▶ _PROVIDED MATERIAL_:
== == ==

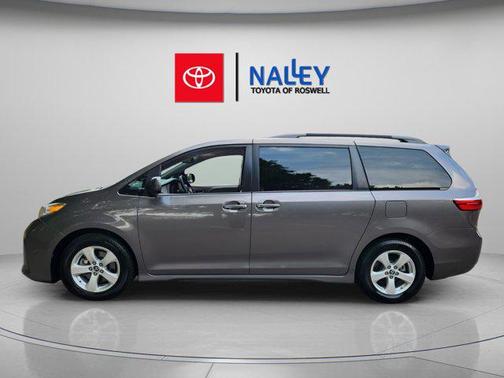 2018 Toyota Sienna LE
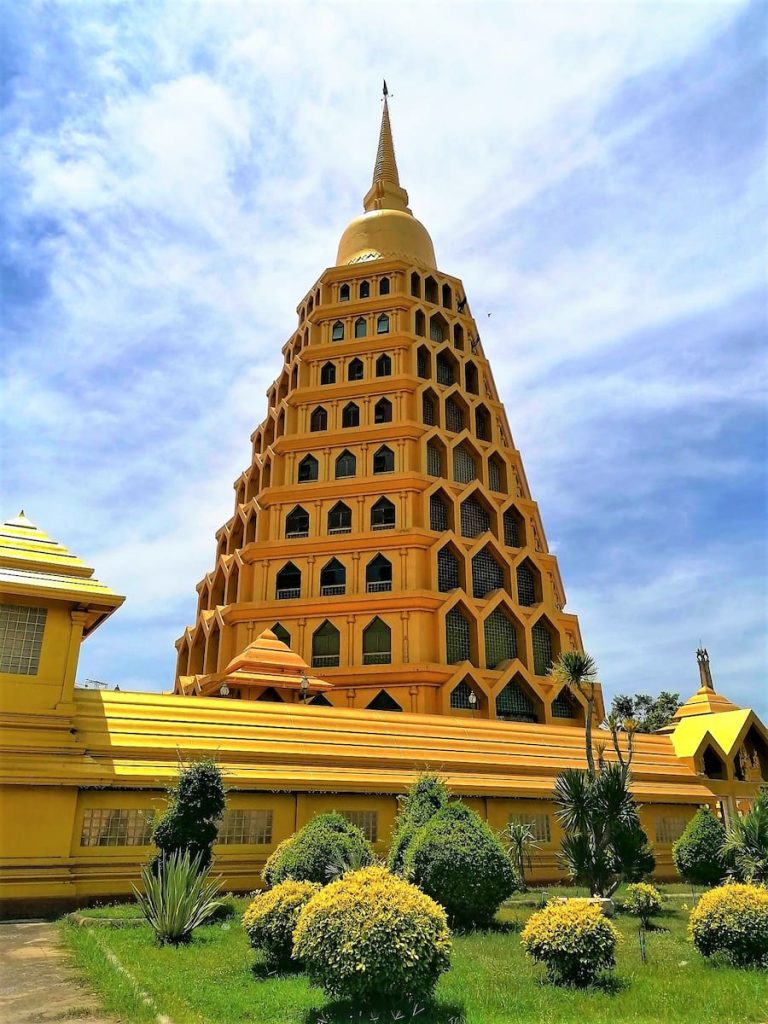 Wat Tha It - Ce temple se situe dans un cloître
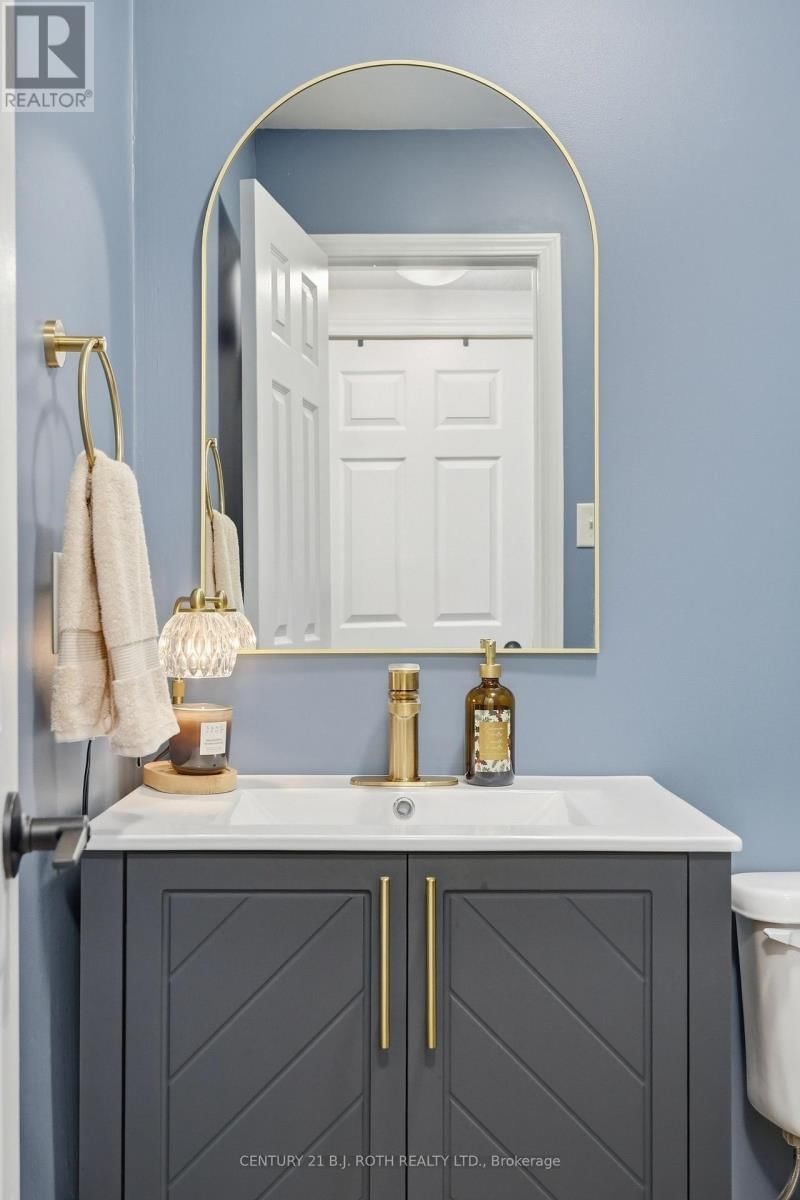 387 FERNDALE DRIVE SOUTH Image 9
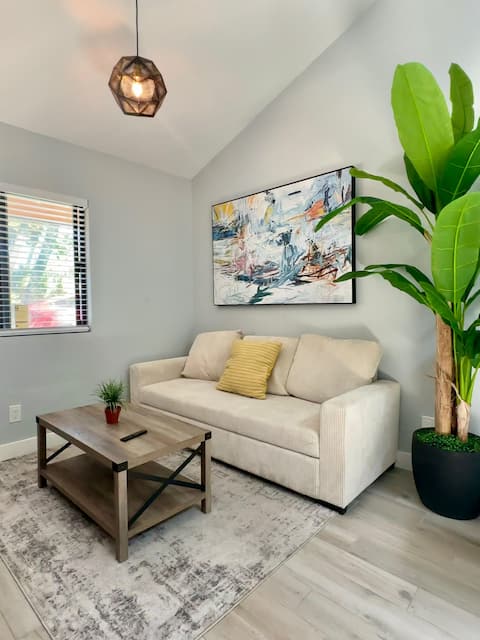 Successful Airbnb property: Private Guesthouse: full kitchen, 5miles fr Disney in Midway City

== == ==

▶ _PROBLEM TO SOLVE_:
Find the line containing "Wat Tha It - Ce", then extract it and every line after it to the end of the data above, exactly and nothing else, without pictures.

▶ _YOUR SOLUTION_:
 Wat Tha It - Ce temple se situe dans un cloître
 387 FERNDALE DRIVE SOUTH Image 9
 Successful Airbnb property: Private Guesthouse: full kitchen, 5miles fr Disney in Midway City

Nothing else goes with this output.